Reputation: 693
I am newbie on python and I loaded a big data from a csv into a pandas dataframe. However, I cannot find a method to create a 2d array for each row of the dataframe where each row of the new np array correspond to X range of values. For example, in my code:
import pandas as pd
import numpy as np
data = pd.read_csv("categorization/dataAll10Overfit.csv",header=None)
#print(data)
rec = data.iloc[:,0:3968] # outputs i rows x 3969 columns
There are 3968 values in each row of the dataframe and I would like to create a 124x32 numpy array so each block of 124 values become a row in the 2d np array. I know C# and there it will work to fill the new array using a for loop but I guess there should be a one-line function in python to split all the data of the dataframe's arrow into a new np array. If this question is duplicated, please refer me to the other post. Thanks in advance
Upvotes: 2
Views: 2158
Reputation: 886
If you want all 2D arrays within one 3D array you can do:
arr = np.zeros((data.shape[0], 124, 32))
for idx, row in data.iterrows():
arr[idx] = np.asarray(row).reshape(124, 32)
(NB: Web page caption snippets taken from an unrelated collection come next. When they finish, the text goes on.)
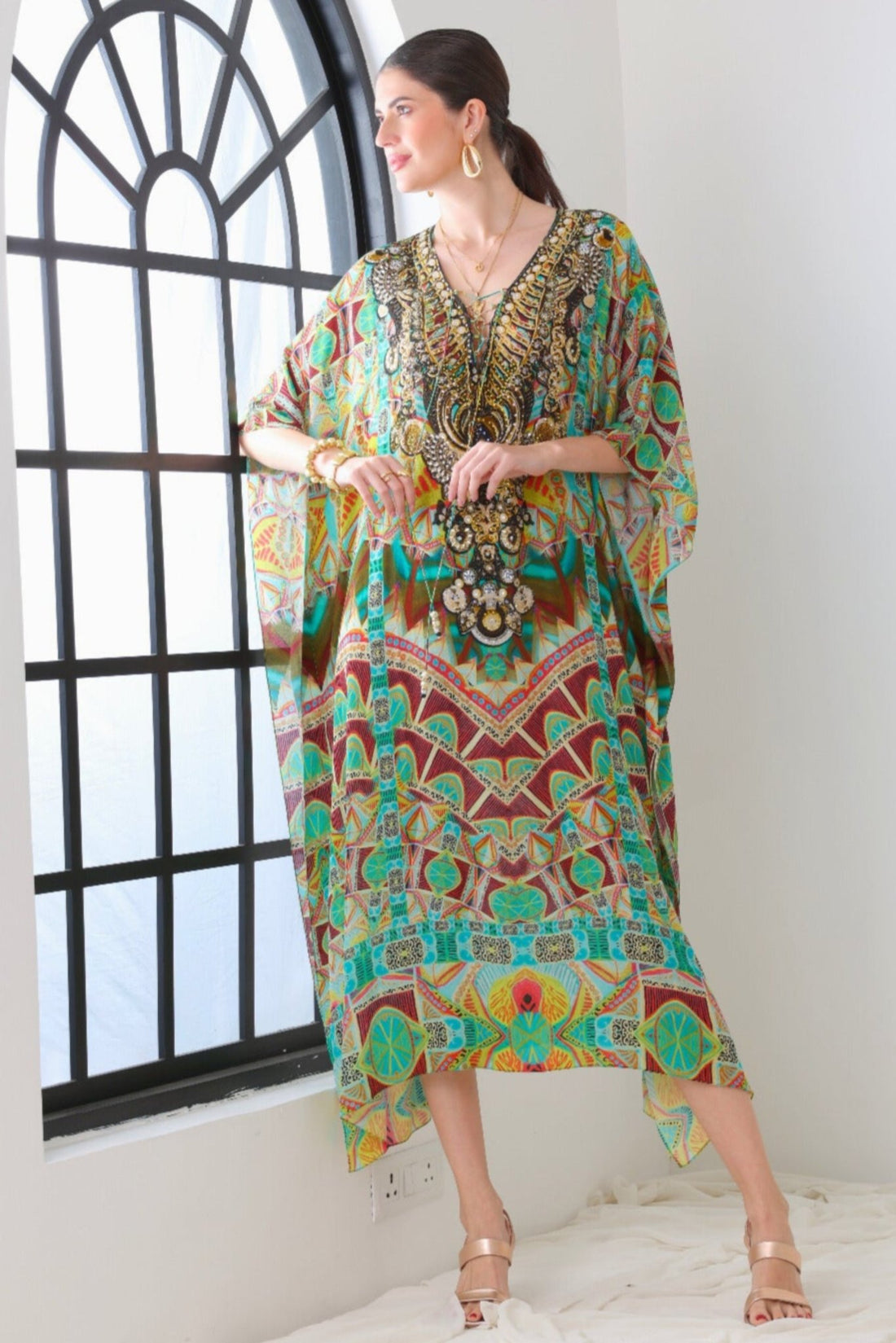 Lost In Laos Medium Kaftan - Czarina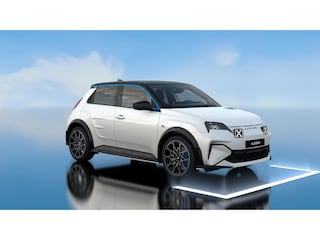 Alpine A290 GT Performance 52 kWh - 220 PK |  premium Devialet® audio | Two-tone blanc nival/ dak noir | Verwarmbaar stuurwiel | Remklauwen vóór - Bleu Alpine | Franse vlag op C-stijl |  2 USB Type-C data & opladen + draadloos opladen |
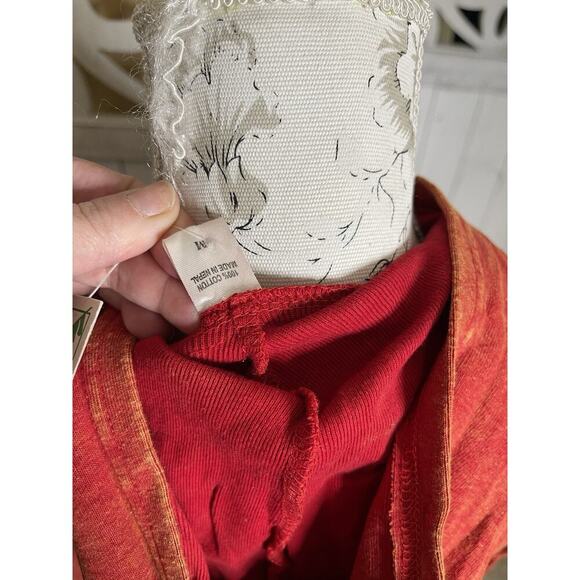 New! Hippie Boho Nepal Hoodie Sweatshirt Womens Medium Colorful Patchwork - Picture 4 of 6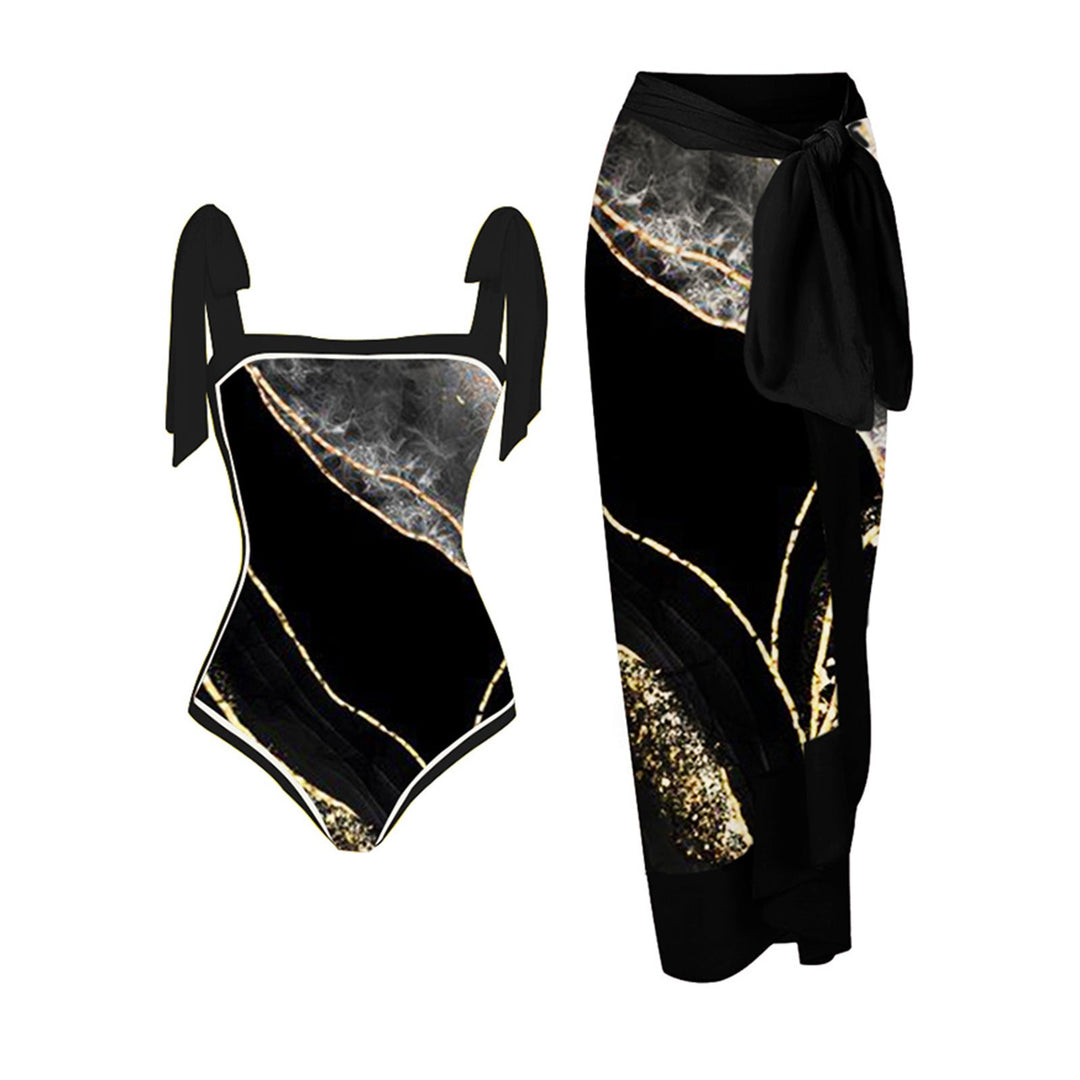 Damen Bademode-Set mit stilvollem Wickelrock Shopnory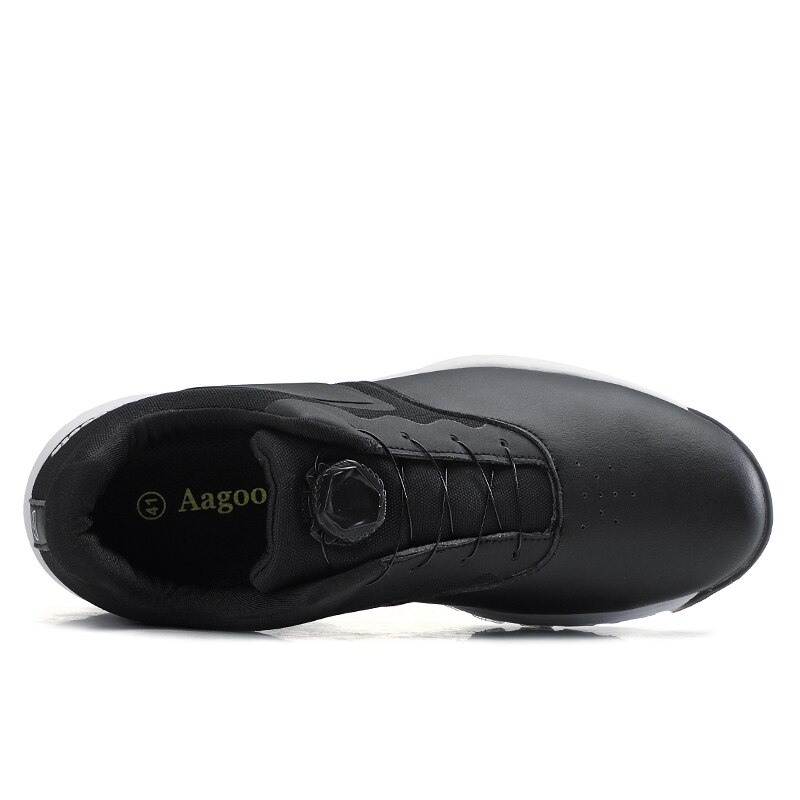 Mannen Professionele Golfschoenen Waterdichte Spikes Golf Sneakers Zwart Wit Mens Golf Trainers Big Size Golf Schoenen Voor Mannen 39-47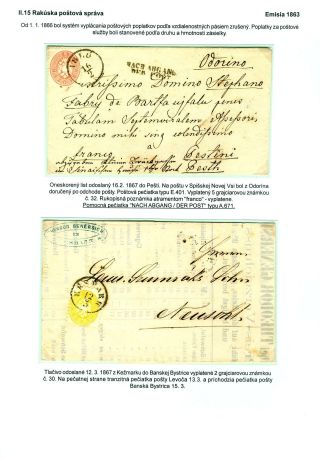 POSTAL SERVICES IN SPIŠ REGION UNTIL 1920 – sheet 46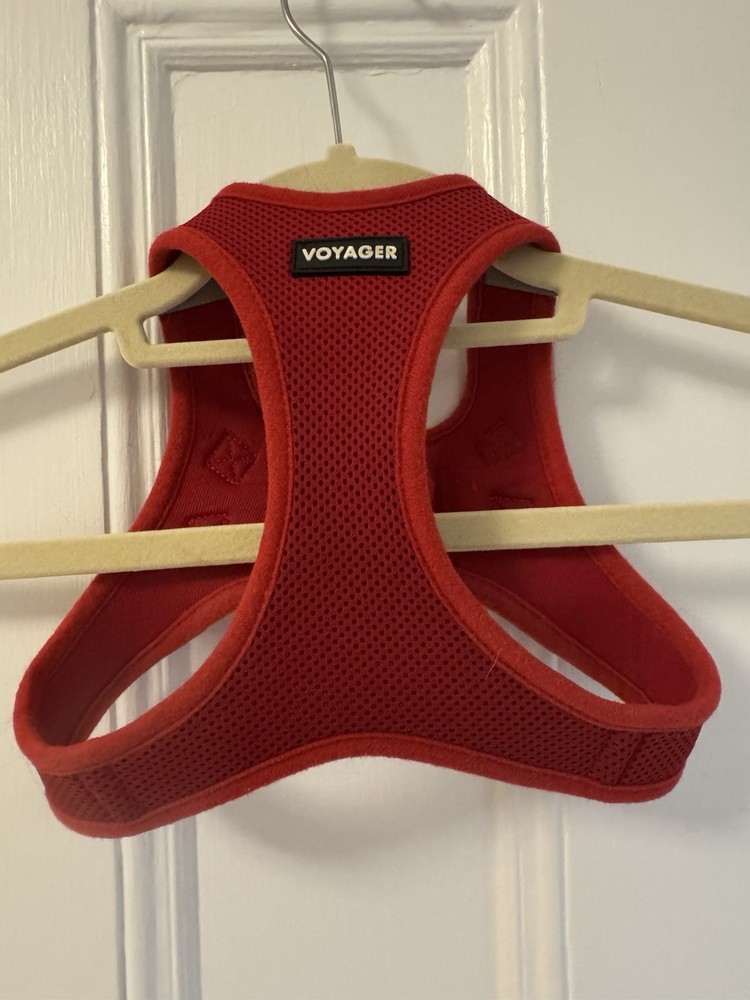 Red Voyager Dog Harness Size Large
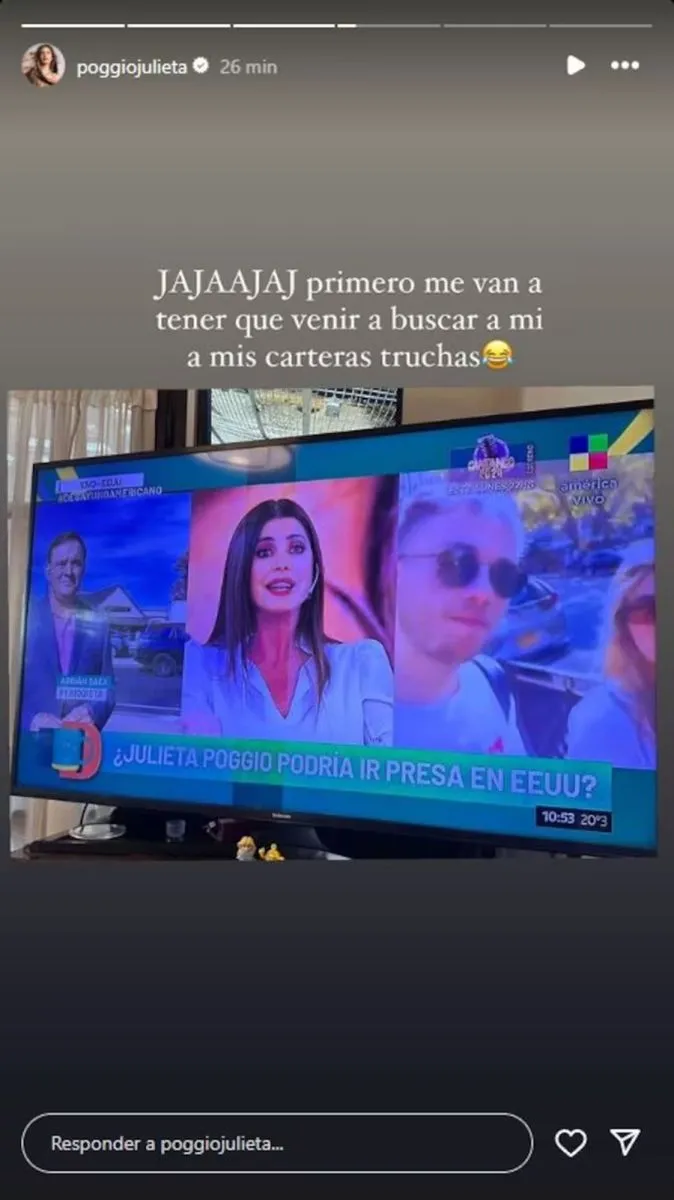 Julieta Poggio - problemas legales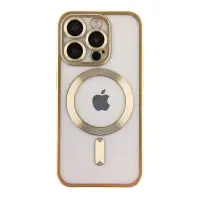 Чехол Накладка Metal Matte MagSafe iPhone 13 Pro Max Золотая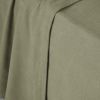 Drap plat 240x300 cm Flanelle unie CANDICE Romarin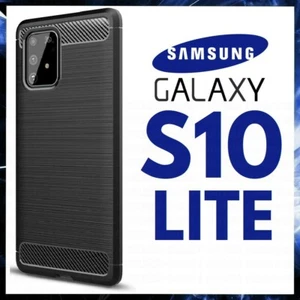 COQUE ETUI EN SILICONE ANTICHOC FIBRE DE CARBONE Pour SAMSUNG GALAXY S10 LITE - Photo 1 sur 7
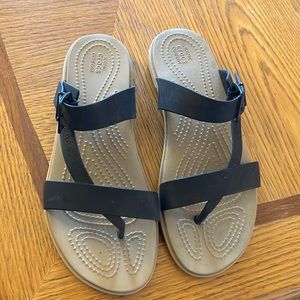 Black CROCS sandals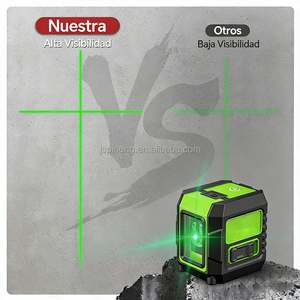 <span class=keywords><strong>Nivel</strong></span> Láser Rotatorio Mini de 2 Líneas Verdes con Péndulo Autonivelante, Grado Industrial y DIY, Batería 18650 para Pisos y Azulejos - Product Image 4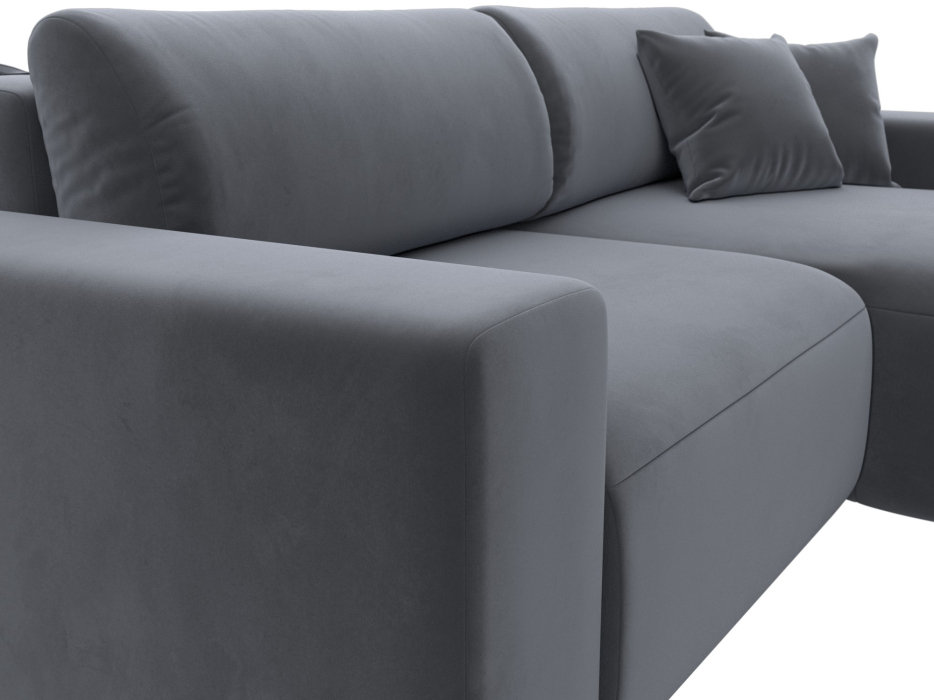 Диваны угловые в гостиную, Диван угловой Лига-036 Классик правый угол, велюр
Or as a one-liner list of arrays:
arr = [np.asarray(row).reshape(124, 32) for idx, row in data.iterrows()]
Upvotes: 1
Reputation: 38982
I assume you don't want to replace the array in place.
nested_record = pd.DataFrame(columns=['record'], index=range(3968))
for i in range(3968):
nested_record['records'].iloc[i] = data.iloc[i].reshape(124, 32)
Upvotes: 1